Your goal: From the records below, copy out exactly the lines from the one containing "全家超商烘焙麵包第二件6折優惠。全家超商提供" to the one containing "JHMGE8H39DC039928 - 2013", both included. Add nothing else.

<<<<

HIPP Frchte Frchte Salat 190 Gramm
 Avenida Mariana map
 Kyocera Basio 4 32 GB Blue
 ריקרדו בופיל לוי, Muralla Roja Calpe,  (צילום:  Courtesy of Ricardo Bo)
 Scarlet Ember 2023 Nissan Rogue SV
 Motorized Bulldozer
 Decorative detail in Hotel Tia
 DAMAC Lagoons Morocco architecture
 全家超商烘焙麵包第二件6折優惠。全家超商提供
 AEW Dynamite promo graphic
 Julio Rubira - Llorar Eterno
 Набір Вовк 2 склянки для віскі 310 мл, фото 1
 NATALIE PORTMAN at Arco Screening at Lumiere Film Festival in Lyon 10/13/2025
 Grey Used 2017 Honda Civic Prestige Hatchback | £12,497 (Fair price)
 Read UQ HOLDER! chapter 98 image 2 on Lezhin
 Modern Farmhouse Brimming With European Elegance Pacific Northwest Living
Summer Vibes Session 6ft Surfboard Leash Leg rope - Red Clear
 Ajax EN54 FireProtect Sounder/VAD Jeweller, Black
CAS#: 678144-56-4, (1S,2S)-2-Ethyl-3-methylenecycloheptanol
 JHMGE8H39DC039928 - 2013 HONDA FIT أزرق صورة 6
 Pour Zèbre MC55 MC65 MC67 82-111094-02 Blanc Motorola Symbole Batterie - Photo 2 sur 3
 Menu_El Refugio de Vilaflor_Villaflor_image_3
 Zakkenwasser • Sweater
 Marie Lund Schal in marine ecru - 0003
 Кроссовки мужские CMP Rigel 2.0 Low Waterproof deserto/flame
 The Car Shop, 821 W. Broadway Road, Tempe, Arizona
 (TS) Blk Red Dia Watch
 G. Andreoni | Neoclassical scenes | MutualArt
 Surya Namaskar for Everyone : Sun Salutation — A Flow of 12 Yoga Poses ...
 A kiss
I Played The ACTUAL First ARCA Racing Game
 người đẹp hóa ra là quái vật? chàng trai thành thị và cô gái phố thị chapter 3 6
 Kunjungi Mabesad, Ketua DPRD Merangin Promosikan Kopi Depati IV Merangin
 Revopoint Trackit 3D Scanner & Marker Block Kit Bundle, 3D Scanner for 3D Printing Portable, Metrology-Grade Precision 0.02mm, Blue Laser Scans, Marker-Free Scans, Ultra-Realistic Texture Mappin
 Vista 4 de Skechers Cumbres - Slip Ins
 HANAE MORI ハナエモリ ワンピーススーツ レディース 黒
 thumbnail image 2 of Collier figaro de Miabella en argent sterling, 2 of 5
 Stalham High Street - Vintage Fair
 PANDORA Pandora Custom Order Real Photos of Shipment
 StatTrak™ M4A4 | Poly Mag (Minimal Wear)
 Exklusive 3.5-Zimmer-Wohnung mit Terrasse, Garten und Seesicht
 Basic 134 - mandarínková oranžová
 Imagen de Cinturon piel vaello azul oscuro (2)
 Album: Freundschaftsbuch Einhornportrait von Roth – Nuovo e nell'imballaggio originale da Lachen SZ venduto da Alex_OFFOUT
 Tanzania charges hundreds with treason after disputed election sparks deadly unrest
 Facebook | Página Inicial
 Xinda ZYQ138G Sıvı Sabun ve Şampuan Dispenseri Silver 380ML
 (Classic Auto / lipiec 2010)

>>>>

Task response:
 全家超商烘焙麵包第二件6折優惠。全家超商提供
 AEW Dynamite promo graphic
 Julio Rubira - Llorar Eterno
 Набір Вовк 2 склянки для віскі 310 мл, фото 1
 NATALIE PORTMAN at Arco Screening at Lumiere Film Festival in Lyon 10/13/2025
 Grey Used 2017 Honda Civic Prestige Hatchback | £12,497 (Fair price)
 Read UQ HOLDER! chapter 98 image 2 on Lezhin
 Modern Farmhouse Brimming With European Elegance Pacific Northwest Living
Summer Vibes Session 6ft Surfboard Leash Leg rope - Red Clear
 Ajax EN54 FireProtect Sounder/VAD Jeweller, Black
CAS#: 678144-56-4, (1S,2S)-2-Ethyl-3-methylenecycloheptanol
 JHMGE8H39DC039928 - 2013 HONDA FIT أزرق صورة 6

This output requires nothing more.